Trump Slaps 130% Tariffs on Chinese Goods, Rekindling Global Trade Tensions


The long-simmering trade tensions between the United States and China have flared up again as President Donald Trump announced a sweeping 130 percent tariff on Chinese imports, a move analysts warn could spark a new global trade war.

‎The fresh tariffs, which include an additional 100 percent duty on top of the existing 30 percent already in place, are set to take effect on November 1 or earlier.

The U.S. president made the announcement in a post on his Truth Social platform on Friday, declaring that “The United States of America will impose a Tariff of 100% on China, over and above any Tariff that they are currently paying.” He also revealed plans to impose export controls on “any and all critical software” starting the same day.

‎The decision follows reports that Beijing has intensified export restrictions on rare earth minerals, key raw materials used in electronics manufacturing.

In response, Mr. Trump reportedly cancelled a scheduled meeting with Chinese President Xi Jinping that was to take place later this month in South Korea.

‎Global markets reacted sharply to the announcement, with Wall Street suffering significant losses.

The Dow Jones Industrial Average dropped by 878 points, or 1.9 percent, while the S&P 500 fell 2.7 percent and the tech-heavy Nasdaq plunged 3.5 percent.

Analysts say investors are increasingly alarmed that the renewed tariff battle could derail economic recovery efforts and disrupt global supply chains.

‎Despite the president’s history of making trade threats without immediate enforcement, observers note that businesses and consumers could still face ripple effects from heightened trade tensions.

‎The United States and China remain the world’s two largest economies and major trading partners.

While Mexico recently surpassed China as America’s top source of imports, China continues to supply hundreds of billions of dollars’ worth of goods to the U.S., particularly in electronics, apparel, and furniture.

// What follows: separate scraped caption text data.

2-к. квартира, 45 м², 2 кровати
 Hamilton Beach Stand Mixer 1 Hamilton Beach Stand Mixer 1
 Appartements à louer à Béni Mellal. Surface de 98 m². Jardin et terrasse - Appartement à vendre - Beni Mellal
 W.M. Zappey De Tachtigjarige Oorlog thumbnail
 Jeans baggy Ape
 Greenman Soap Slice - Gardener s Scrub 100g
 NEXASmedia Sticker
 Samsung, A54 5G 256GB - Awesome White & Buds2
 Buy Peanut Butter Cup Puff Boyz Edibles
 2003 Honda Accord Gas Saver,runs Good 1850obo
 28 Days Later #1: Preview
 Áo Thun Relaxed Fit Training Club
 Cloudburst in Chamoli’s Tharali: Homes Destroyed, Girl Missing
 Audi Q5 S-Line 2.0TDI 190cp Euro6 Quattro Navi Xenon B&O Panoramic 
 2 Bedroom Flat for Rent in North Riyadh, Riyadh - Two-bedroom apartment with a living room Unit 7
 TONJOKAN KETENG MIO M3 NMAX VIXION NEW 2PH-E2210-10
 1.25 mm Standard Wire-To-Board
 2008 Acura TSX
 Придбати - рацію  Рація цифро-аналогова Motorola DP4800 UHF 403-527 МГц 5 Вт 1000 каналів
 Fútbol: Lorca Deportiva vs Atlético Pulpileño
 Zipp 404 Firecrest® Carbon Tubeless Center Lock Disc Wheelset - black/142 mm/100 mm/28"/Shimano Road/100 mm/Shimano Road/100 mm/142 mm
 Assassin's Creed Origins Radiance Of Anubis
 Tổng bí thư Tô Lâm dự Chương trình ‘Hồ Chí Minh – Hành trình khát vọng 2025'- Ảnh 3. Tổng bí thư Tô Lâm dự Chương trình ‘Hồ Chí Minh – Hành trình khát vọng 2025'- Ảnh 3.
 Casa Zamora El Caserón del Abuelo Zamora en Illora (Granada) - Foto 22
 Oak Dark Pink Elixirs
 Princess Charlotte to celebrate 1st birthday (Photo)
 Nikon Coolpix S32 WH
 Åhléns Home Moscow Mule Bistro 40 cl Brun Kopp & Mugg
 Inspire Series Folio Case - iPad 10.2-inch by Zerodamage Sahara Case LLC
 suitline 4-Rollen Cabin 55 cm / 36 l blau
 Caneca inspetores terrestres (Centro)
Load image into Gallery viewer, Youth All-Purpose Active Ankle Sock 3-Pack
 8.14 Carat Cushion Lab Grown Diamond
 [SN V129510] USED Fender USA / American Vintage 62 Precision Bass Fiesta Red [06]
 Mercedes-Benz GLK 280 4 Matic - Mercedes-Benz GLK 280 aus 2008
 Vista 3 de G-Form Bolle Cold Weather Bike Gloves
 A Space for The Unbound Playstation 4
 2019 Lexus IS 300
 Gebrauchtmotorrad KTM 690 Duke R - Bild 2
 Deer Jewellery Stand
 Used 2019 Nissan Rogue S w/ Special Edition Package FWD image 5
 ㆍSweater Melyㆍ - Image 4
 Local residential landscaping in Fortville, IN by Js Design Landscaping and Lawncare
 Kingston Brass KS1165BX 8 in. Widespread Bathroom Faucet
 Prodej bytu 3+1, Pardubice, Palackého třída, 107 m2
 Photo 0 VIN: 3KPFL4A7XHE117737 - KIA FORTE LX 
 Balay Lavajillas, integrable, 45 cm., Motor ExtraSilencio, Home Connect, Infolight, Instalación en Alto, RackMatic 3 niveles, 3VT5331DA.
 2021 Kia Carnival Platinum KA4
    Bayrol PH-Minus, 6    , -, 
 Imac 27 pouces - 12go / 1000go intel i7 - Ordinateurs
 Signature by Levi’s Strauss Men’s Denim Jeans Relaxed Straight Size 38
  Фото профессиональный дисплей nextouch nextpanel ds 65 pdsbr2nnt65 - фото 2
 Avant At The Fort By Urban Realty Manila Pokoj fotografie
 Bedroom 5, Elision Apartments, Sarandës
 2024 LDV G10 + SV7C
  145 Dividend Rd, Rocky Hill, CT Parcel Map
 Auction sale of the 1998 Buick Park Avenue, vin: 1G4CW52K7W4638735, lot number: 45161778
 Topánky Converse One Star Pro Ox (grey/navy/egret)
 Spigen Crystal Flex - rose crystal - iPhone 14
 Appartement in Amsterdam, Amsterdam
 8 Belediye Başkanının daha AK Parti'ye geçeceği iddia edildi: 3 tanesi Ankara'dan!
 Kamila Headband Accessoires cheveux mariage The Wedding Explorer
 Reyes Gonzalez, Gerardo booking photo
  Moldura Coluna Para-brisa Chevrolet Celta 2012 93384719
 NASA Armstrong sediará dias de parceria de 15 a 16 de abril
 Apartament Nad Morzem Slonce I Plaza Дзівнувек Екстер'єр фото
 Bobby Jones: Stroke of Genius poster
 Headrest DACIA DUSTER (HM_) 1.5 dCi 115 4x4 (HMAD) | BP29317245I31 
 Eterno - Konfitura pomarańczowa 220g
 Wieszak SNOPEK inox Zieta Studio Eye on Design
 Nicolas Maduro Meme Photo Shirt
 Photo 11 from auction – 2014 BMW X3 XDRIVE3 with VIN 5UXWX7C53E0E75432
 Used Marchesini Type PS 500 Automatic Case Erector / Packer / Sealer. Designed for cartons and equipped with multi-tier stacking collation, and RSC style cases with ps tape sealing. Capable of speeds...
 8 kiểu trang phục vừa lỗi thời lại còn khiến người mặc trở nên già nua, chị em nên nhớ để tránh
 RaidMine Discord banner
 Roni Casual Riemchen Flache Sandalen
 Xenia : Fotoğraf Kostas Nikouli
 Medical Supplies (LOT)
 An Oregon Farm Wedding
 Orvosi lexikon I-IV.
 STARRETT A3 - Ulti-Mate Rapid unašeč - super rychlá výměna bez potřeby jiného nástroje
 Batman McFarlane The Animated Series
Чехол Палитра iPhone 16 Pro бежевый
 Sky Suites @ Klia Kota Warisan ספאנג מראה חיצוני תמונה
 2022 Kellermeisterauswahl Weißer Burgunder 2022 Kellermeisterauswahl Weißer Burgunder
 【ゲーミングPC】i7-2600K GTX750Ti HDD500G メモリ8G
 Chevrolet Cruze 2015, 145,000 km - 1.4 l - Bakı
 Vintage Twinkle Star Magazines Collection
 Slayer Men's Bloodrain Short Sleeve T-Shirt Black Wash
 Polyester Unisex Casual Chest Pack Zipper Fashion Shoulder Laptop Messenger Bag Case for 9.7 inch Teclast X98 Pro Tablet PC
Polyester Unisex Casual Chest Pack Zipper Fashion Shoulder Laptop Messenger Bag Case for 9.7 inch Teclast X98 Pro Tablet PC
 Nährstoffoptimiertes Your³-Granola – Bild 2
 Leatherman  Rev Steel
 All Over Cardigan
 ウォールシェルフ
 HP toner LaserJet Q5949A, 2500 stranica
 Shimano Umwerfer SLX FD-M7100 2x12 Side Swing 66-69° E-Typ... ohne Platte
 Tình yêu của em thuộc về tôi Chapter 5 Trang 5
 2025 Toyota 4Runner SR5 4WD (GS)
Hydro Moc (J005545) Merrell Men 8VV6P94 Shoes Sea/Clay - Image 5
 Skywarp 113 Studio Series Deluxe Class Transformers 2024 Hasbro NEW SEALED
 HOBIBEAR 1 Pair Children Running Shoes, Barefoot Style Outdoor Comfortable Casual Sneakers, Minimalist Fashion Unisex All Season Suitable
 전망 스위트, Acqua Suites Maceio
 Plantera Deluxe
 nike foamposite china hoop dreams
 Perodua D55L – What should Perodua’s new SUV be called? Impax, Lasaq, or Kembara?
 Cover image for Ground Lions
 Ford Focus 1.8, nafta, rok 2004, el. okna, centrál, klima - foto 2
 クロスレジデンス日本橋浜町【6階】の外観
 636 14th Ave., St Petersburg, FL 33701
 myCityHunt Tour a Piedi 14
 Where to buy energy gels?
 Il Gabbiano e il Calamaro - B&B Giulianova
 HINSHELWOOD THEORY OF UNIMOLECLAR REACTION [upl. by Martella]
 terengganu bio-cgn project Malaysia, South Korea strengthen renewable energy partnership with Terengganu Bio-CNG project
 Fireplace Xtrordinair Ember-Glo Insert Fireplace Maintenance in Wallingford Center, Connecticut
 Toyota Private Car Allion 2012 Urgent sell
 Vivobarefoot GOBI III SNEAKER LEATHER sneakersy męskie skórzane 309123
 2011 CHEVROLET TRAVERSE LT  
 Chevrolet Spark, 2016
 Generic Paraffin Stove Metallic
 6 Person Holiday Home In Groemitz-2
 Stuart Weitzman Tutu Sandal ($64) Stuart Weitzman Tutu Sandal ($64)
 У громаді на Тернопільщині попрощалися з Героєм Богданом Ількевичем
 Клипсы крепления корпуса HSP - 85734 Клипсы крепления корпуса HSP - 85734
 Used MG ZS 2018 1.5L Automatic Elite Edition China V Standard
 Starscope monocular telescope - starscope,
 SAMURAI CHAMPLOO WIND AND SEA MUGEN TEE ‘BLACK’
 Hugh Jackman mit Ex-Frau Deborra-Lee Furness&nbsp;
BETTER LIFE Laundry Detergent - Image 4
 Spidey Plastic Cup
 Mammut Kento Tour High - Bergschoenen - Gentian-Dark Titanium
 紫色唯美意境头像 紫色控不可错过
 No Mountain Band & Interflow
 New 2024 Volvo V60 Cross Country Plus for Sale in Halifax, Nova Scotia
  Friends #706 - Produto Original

‎President Trump has repeatedly urged U.S. companies to shift manufacturing operations home, but many firms continue to rely heavily on Chinese production lines.

Earlier this year, the administration temporarily reduced tariffs on Chinese electronics from 145 percent to 20 percent, acknowledging the strain previous measures placed on the American economy.

‎Relations appeared to improve in May when both nations agreed to scale down their mutual trade duties, China reducing tariffs on U.S. goods to 10 percent and the U.S. lowering its own to 30 percent. Global markets rebounded following the truce.

‎However, trade friction resurfaced as Washington accused Beijing of breaching commitments on rare earth exports.

The U.S. responded by restricting the sale of certain American technologies, including advanced Nvidia AI chips, to China, measures that were later partially lifted.

‎With both powers now escalating retaliatory steps, including fees on each other’s shipping operations, economists warn the confrontation could once again destabilize global commerce.

‎Political analysts also point out that President Trump’s authority to unilaterally impose new tariffs could soon face a legal test when the U.S. Supreme Court hears a landmark case on executive trade powers next month.

‎Meanwhile, President Xi faces no such domestic constraints, leaving open the possibility of further Chinese retaliation in the days ahead.

‎As both superpowers trade economic blows, the rest of the world watches closely, aware that the fallout from renewed trade hostilities could reverberate far beyond Washington and Beijing.